*Directions for this task*
Skip the pictures. Transcribe exactly the lines from the line containing "Bathroom vanity area" to the end of the listing.

*Exercise input*
::::::

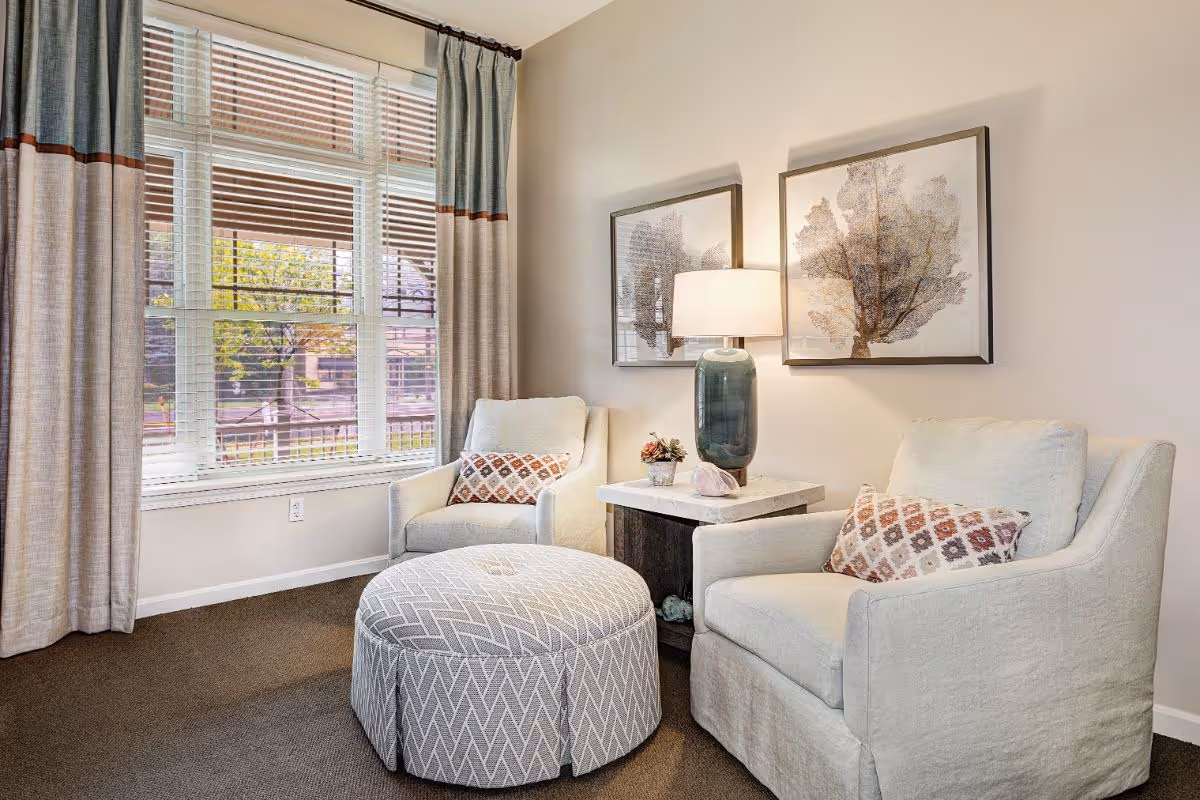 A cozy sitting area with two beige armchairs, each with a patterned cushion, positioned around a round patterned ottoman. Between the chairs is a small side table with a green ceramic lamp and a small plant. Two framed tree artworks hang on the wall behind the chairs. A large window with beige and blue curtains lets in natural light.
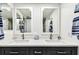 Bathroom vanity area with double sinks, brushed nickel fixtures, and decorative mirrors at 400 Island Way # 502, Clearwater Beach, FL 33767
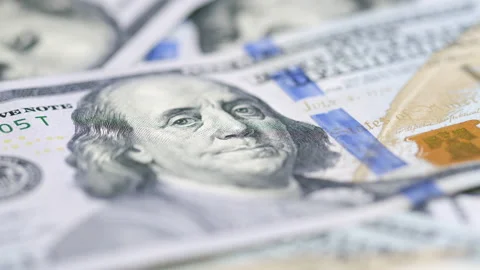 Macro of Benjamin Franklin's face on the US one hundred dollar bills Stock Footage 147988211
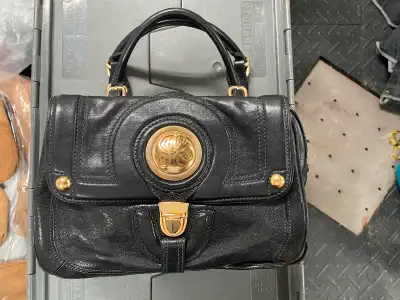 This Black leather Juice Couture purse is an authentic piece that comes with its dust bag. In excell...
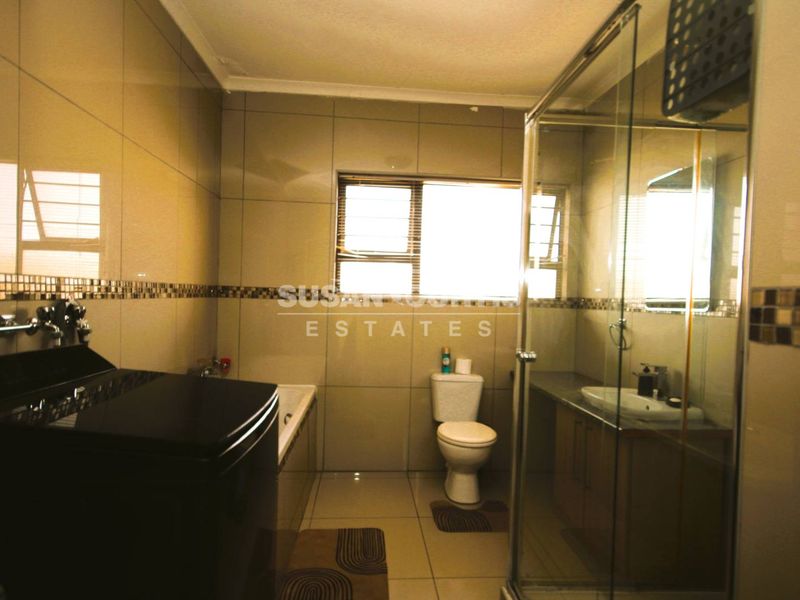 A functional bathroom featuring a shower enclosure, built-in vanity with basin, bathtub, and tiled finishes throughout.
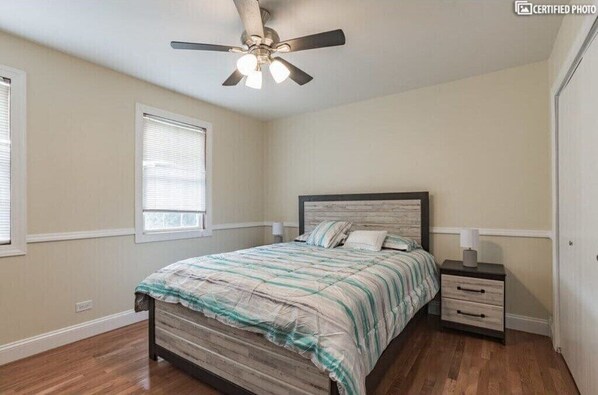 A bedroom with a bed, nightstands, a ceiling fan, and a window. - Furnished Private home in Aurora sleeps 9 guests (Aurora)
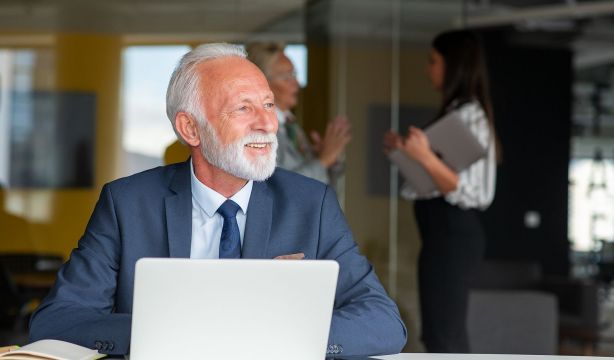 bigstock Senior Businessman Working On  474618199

::::::

*Problem solution*
 Bathroom vanity area with double sinks, brushed nickel fixtures, and decorative mirrors at 400 Island Way # 502, Clearwater Beach, FL 33767
 Macro of Benjamin Franklin's face on the US one hundred dollar bills Stock Footage 147988211
 This Black leather Juice Couture purse is an authentic piece that comes with its dust bag. In excell...
 A functional bathroom featuring a shower enclosure, built-in vanity with basin, bathtub, and tiled finishes throughout.
 A bedroom with a bed, nightstands, a ceiling fan, and a window. - Furnished Private home in Aurora sleeps 9 guests (Aurora)
 bigstock Senior Businessman Working On  474618199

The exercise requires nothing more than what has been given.